Thank you. The trick, if Variable is empty by checking their lenght works!
1

toolic has already given the correct answer, but I wanted to throw in some beginner advice.

Your code can be condensed down to this:

use strict;
use warnings;   # always use these two pragmas

print "Input: ";
chomp (my $input_line = <>);
print "Your input was: '$input_line'\n";
if (length $input_line == 0) {
    print "You have typed nothing!\n";
}
  • Remove initialization and pre-assigning "". No $input = ""
  • Variables are already empty when created, and even so, when you assign to them, any previous content is deleted.
print "Input: ";                   # extra space to make it look nicer
chomp (my $input_line = <>);       # chomp can be used directly on init and assignment
  • Instead of <STDIN> we can use <>, which chooses either STDIN, or file input as necessary
print "Your input was: '$input_line'\n";
  • You don't need a new print for \n, nor a new quote for a variable
  • Variables don't need to be quoted
  • Adding '' around the variable shows more context, especially with space and empty string
  • You can also use say, which adds a newline to print. Enable with:
use feature 'say';
say "Your input was: $input";   # no \n needed

A very good module for debugging is Data::Dumper. It is a core module, so no installation required. It will show you the content of a variable

use Data::Dumper;
print Dumper $input_line;
# Will print: $VAR1 = '';

While the below is a good solution for normal answers:

if (length($input_line) == 0) {
    print "You have typed nothing!\n";
}

What if someone answers with a space (not empty), or you forget to add chomp? You can for example be more specific by using a regex:

if ($input !~ /\S/)         # no non-whitespace
if ($input !~ /^[abcd]+$/)  # contains something other than what you need, e.g. abcd
if ($input =~ /[^abcd]/)    # alternative phrasing

A few examples for more studies. Good luck!

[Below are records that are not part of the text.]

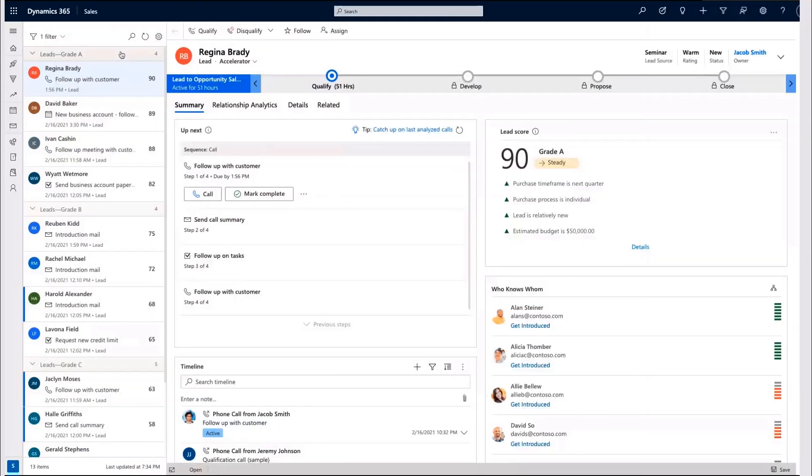Working from a prioritized worklist, we will showcase how Dynamics 365 Sales and Microsoft Teams work seamlessly together to call a prospect or join a meeting.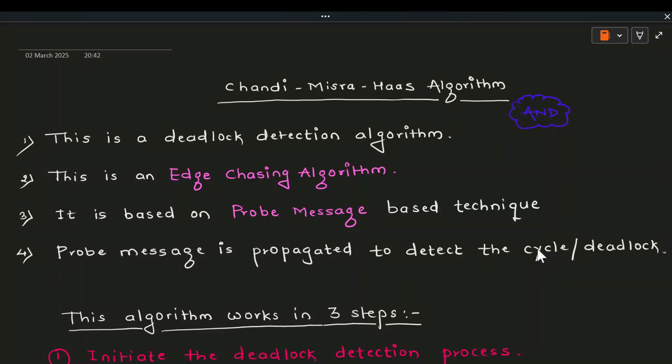Hello guys, welcome to my channel. In today's session we are going to discuss the Chandy-Misra hash algorithm.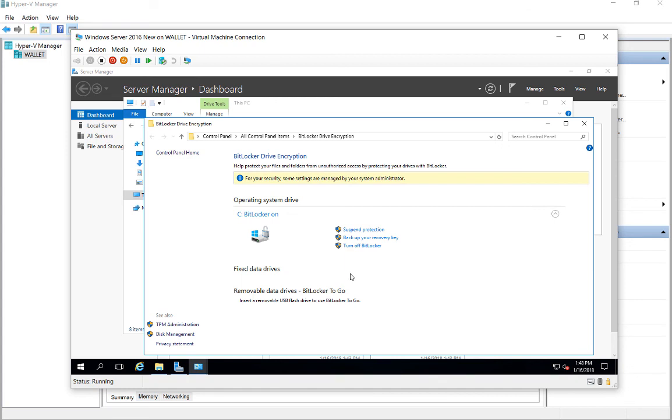So that's how we set up encryption and BitLocker on a Windows 10 Hyper-V virtual machine.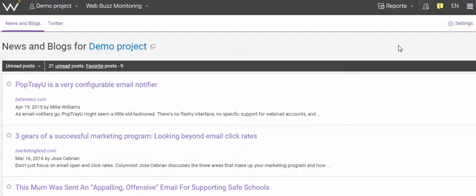This is really white hat backlink building. This is what you need. And again, a lot of our customers spend a lot of time here in Web Buzz Monitoring.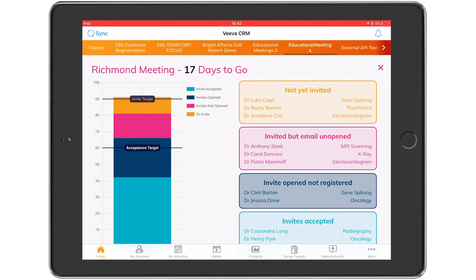Using these analytics, the chart on the left gives the CAM a visual indication of how they're doing, and on the right they can see exactly who they should be inviting next or following up with, giving them actionable information to ensure maximal ROI for their meetings.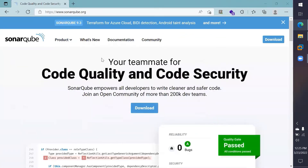This is a tutorial for downloading and setting up SonarQube so that you can run a static analysis on your code repository.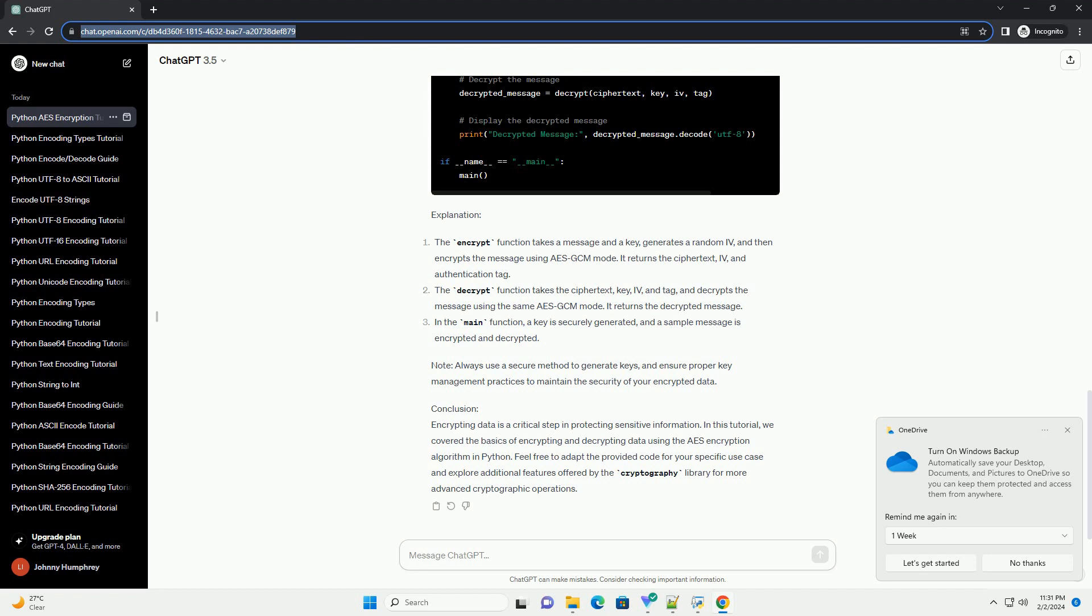Conclusion. Encrypting data is a critical step in protecting sensitive information. In this tutorial, we covered the basics of encrypting and decrypting data using the AES encryption algorithm in Python. Feel free to adapt the provided code for your specific use case and explore additional features offered by the cryptography library for more advanced cryptographic operations.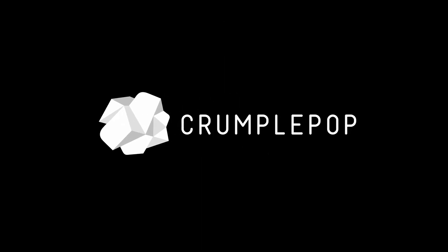Hey everyone, it's Patrick from Crumple Pop, and today I'm going to show you how to fade out audio in Premiere Pro.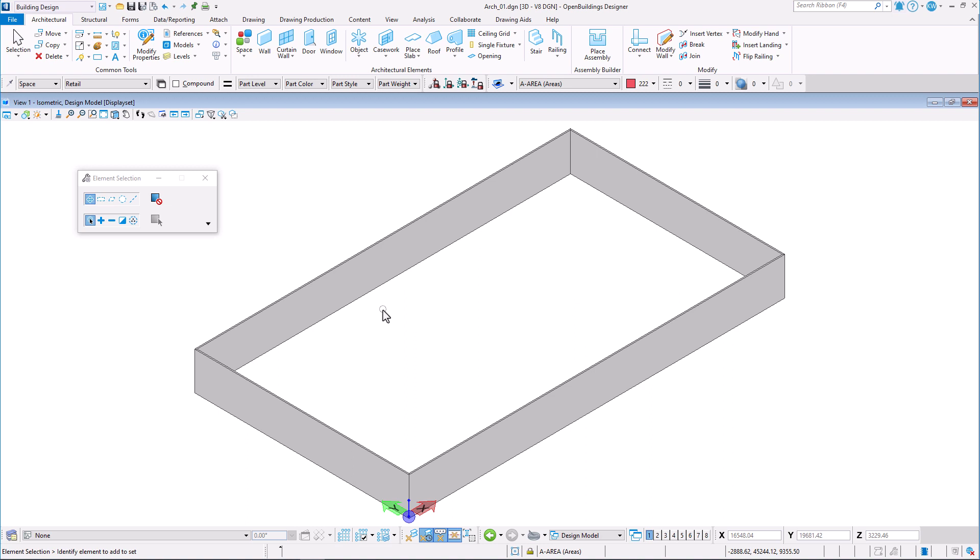The program manager lets architects and space planners list the space requirements for the project before they start laying out the building and then track the spaces placement in the model.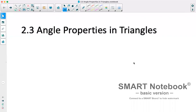Hi, today we are looking at section 2.3 which is angle properties in triangles. We'll get some definitions of different triangles and then look at what the total measurement of angles in a triangle is, and utilize that to help solve some problems.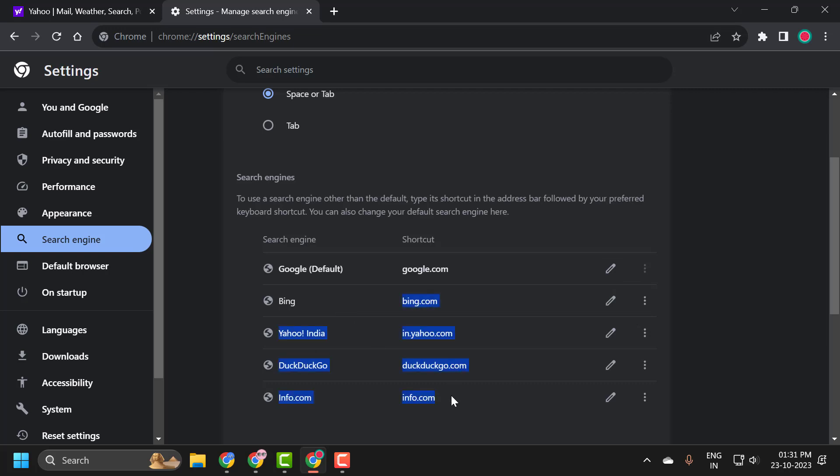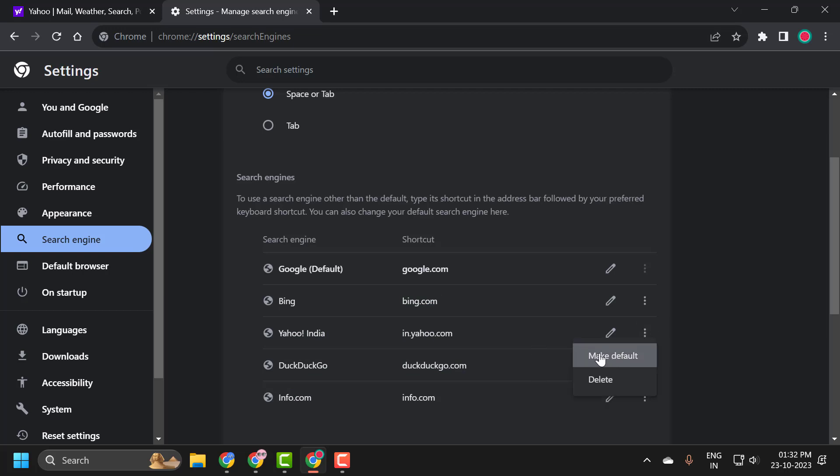If you don't want any of these search engines, you just need to click on this three dot icon and select delete, or you can also make it as default search engine.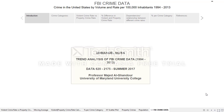Hello everyone, my name is Emmanuel Libra and I'll be doing the trend analysis of FBI crime data from years 1994 through 2013.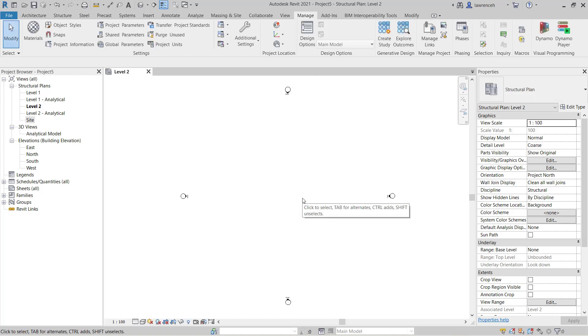Let's go ahead and select OK to the project units dialog box. So that concludes module 2.0 and in here we've learnt how to create a new structural project and set up and review the project units.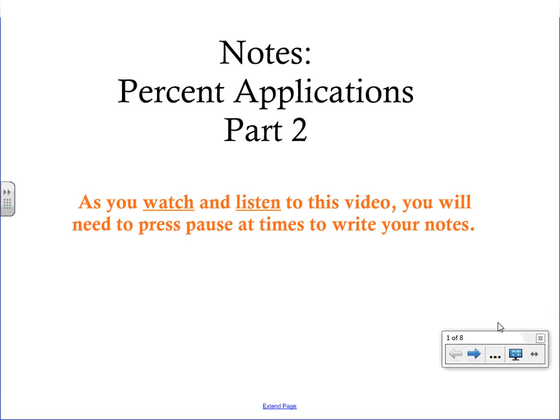Welcome to your video on percent applications part two. We are still going to be focusing on word problems and using proportions, but these aren't going to follow a specific formula, so you're going to have to do careful reading.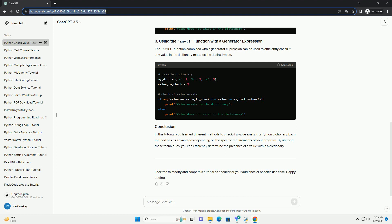In this tutorial, you learned different methods to check if a value exists in a Python dictionary. Each method has its advantages depending on the specific requirements of your program. By utilizing these techniques, you can efficiently determine the presence of a value within a dictionary.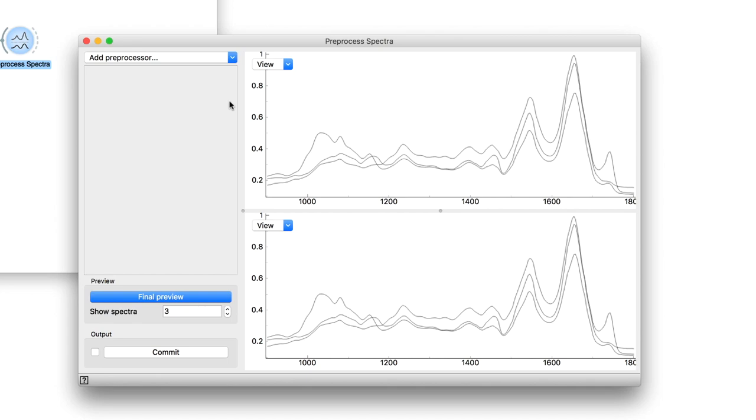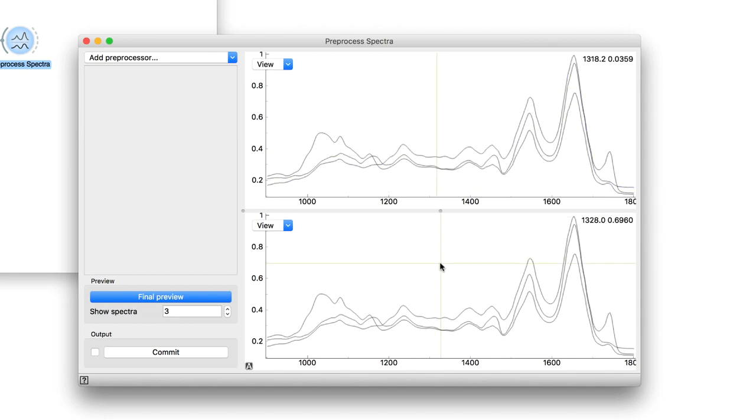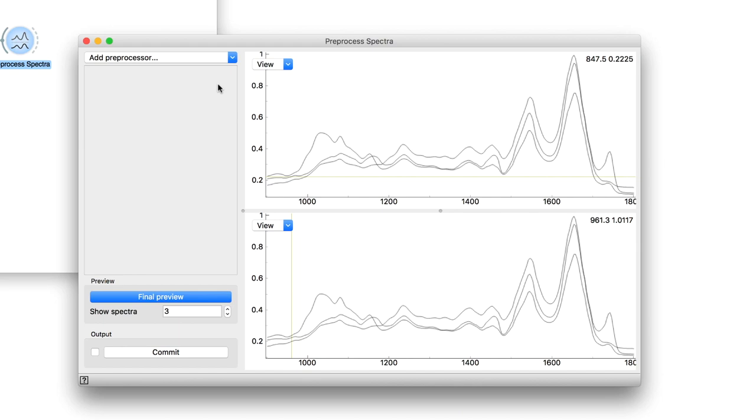On the top right panel, we see the original and in the bottom right, the final preprocessed data. At this point, they are the same as we haven't added any preprocessors.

As ikegami says, it is possible to enter eof only to the program (by for example pressing Ctrl-D (unix) or Ctrl-Z (win) at the prompt), causing readline to return undef to the input variable. In which case the program issues a few undefined warnings for the different operations. To resolve this, you could change your input readline chomp (my $input.... to:

my $input_line = <>;
if (! defined $input_line) {
    die "Input required.";
}
chomp $input_line;

Which is a bit more complicated, but will prevent warnings for this edge case.

3 Comments

You addressed the situation where a LF is provided. This should also be handled. But you don't handle empty input. Your program warns three times when provided an empty input.
@ikegami I take it you mean if someone entered Ctrl-D (Ctrl-Z windows), making the input variable undef? I suppose that is an exception to handle, but then we may be leaving the scope of the original question. It is possible to handle with for example $input //= ''.
Or redirecting from an empty file, etc.